Conclusion: Sorry this went on way longer than I expected it to. But yeah, for anyone reading this for whom it’s all new information or stuff you’ve experienced but haven’t heard much of people talking about it, if you look into transfeminism you’ll find more of it and even some arguments on why and what to do from people who are much better at feminist theory than a woman who’s sitting around writing lemmy comments at work. Transmisogyny is difficult, and yet transitioning is still the best decision I ever made. I’m genuinely happy, I just would like these difficulties to go away.
And there are cis people I sincerely trust, and not even a shortage of them. My best friends are cis and treat me as fully a woman. My ex would occasionally forget I was trans because it was only sometimes relevant. Hell one casual acquaintance got cheated on by his ex husband with a trans man friend of his because the acquaintance was “too fem” and at no point even when hurting about it did he treat the other man as anything other than a full man.
Edit to add: This is part of why I feel making friends with other trans women is vital, even if you’re looking to go stealth.
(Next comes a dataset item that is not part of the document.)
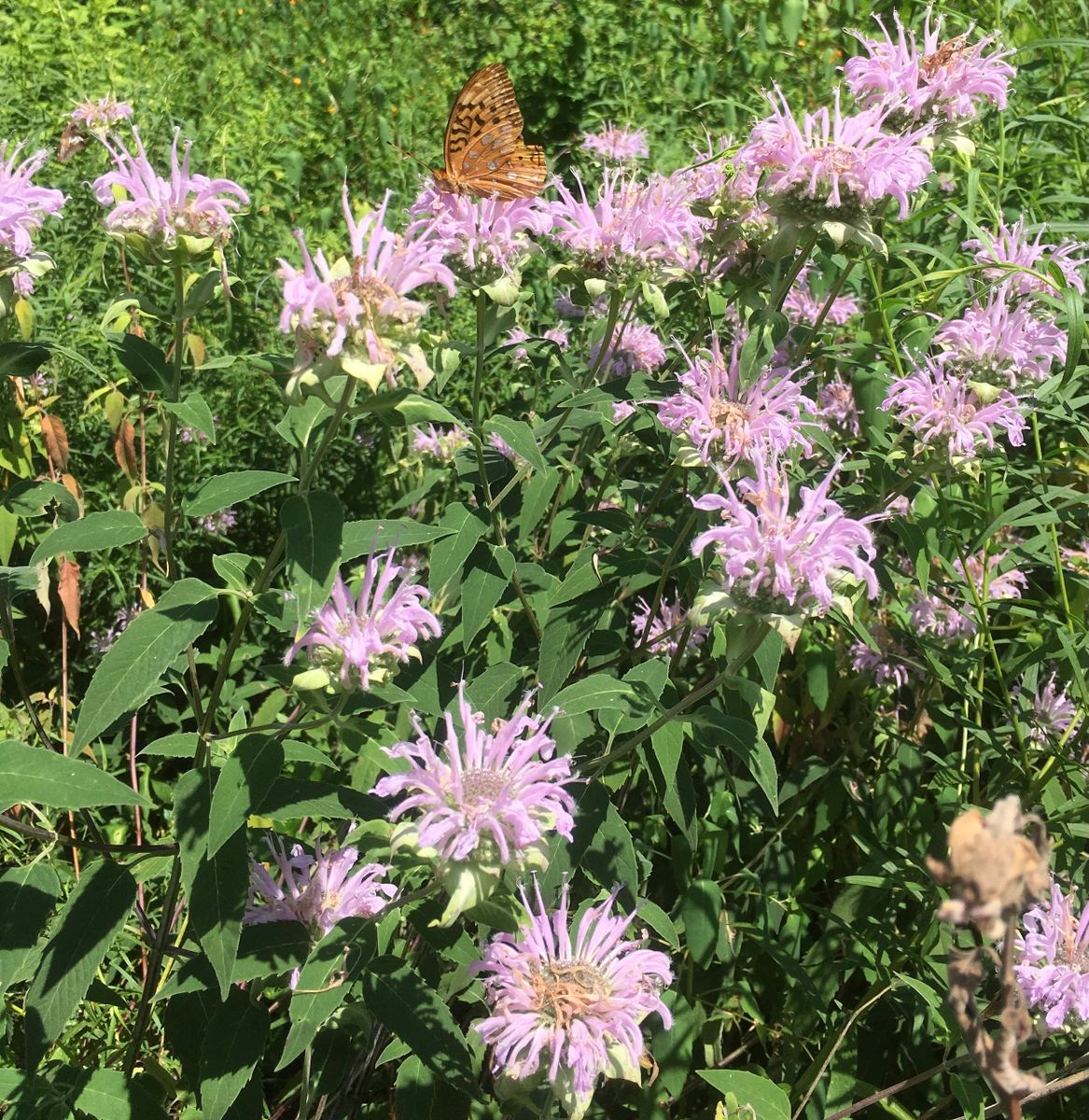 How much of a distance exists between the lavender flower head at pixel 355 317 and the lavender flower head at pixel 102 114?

It’s so important to have other people in your life who have first hand experiences with this stuff.
Oh number 3 really hurts but it’s so true. I’m stealth at my remote job now and I thank my lucky stars every day I managed to pull that off lol Being trans in the workplace and working on site is an awful experience.
Yeah, at some point I need to fix my voice enough to try to do stealth. But also, see number 2… But also in my career, having some masculinity is recommended for being taken seriously. So I’m out here with the “succeed as a woman in my field” advice being often at odds with the “how to pass” advice.
Oh yeah I feel that 100%
Honestly voice training is one of if not the absolute hardest thing I’ve had to do so far but it makes a huge difference in how people perceive you.
Yeah it’s a blessing and a curse. It’s a curse in that there’s no easy fix. You can’t just sit back and let hormones change your voice, at least not for trans gals. And it is just so so much work. As a blessing though, it’s one of the few things that actually can be changed through sheer effort alone. There’s no willing away beard shadow, for instance. And if you are able to master a feminine voice, it does wonders for passing.